[PROBLEM REQUIREMENTS] Exactly the lines from the line that has "ATR landing at gilgit airport" through the final line below are to be retyped, and the pictures are not.

[SUPPLIED MATERIAL]
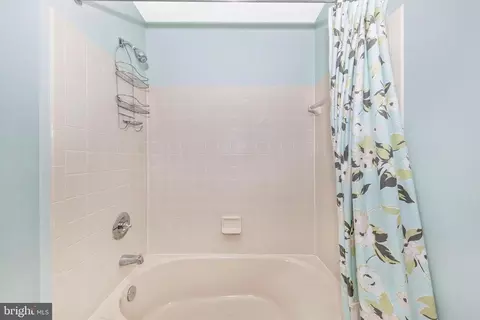 Bath - 5183 Duke Ct, Frederick, MD 21703 photo 2 of 4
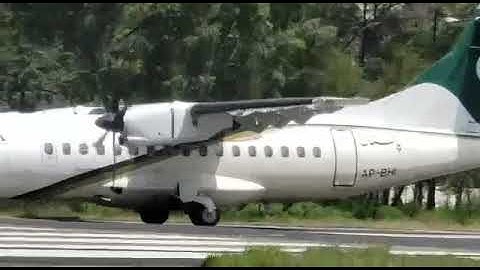 ATR landing at gilgit airport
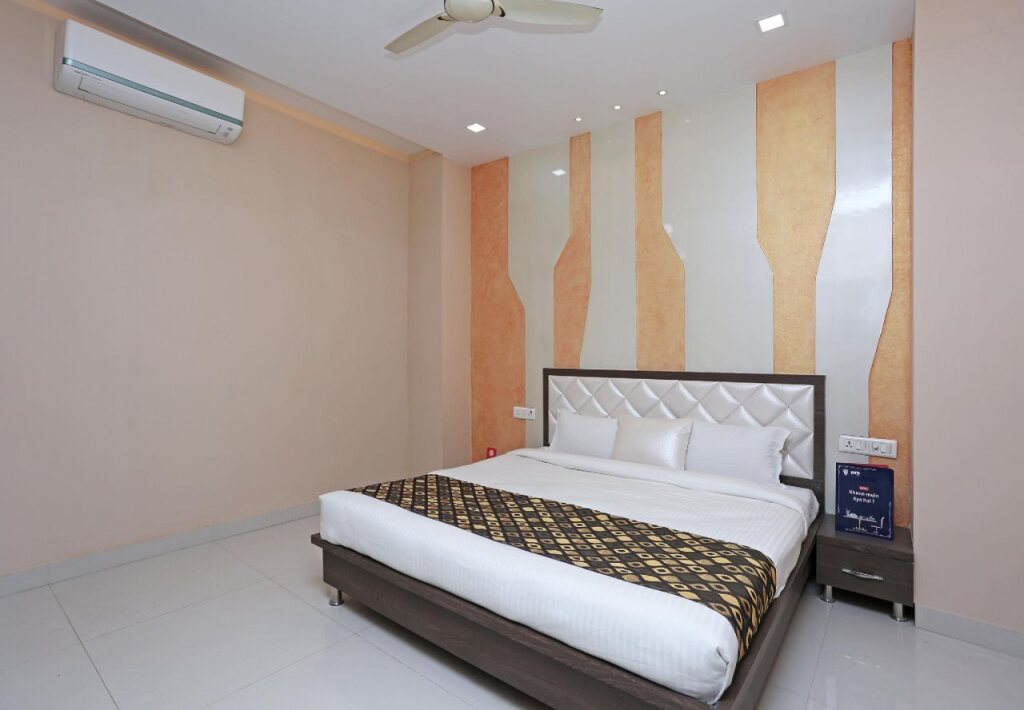 Oyo 10360 Hotel Grand Manoranjan
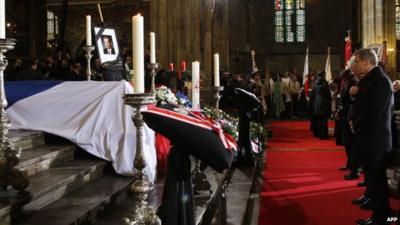 Mouners at Vaclav Havel funeral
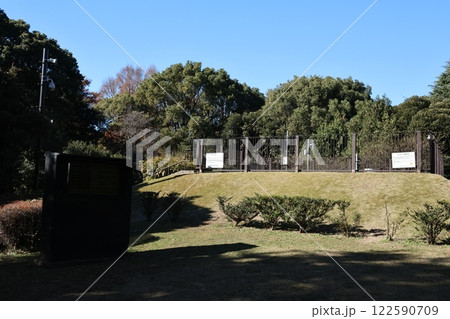北の丸公園内の東京管区気象台北の丸公園露場(東京アメダス) 北の丸公園内の東京管区気象台北の丸公園露場(東京アメダス) 122590709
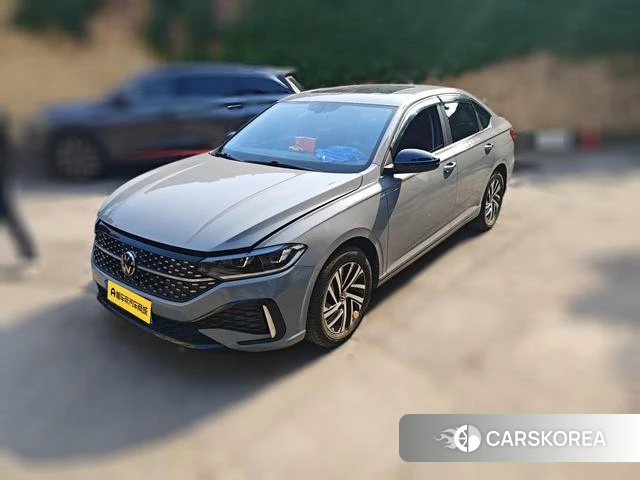 Volkswagen Lavida 2023 Темно-серый из Китая, фото 6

[RESPONSE AREA]
 ATR landing at gilgit airport
 Oyo 10360 Hotel Grand Manoranjan
 Mouners at Vaclav Havel funeral
北の丸公園内の東京管区気象台北の丸公園露場(東京アメダス) 北の丸公園内の東京管区気象台北の丸公園露場(東京アメダス) 122590709
 Volkswagen Lavida 2023 Темно-серый из Китая, фото 6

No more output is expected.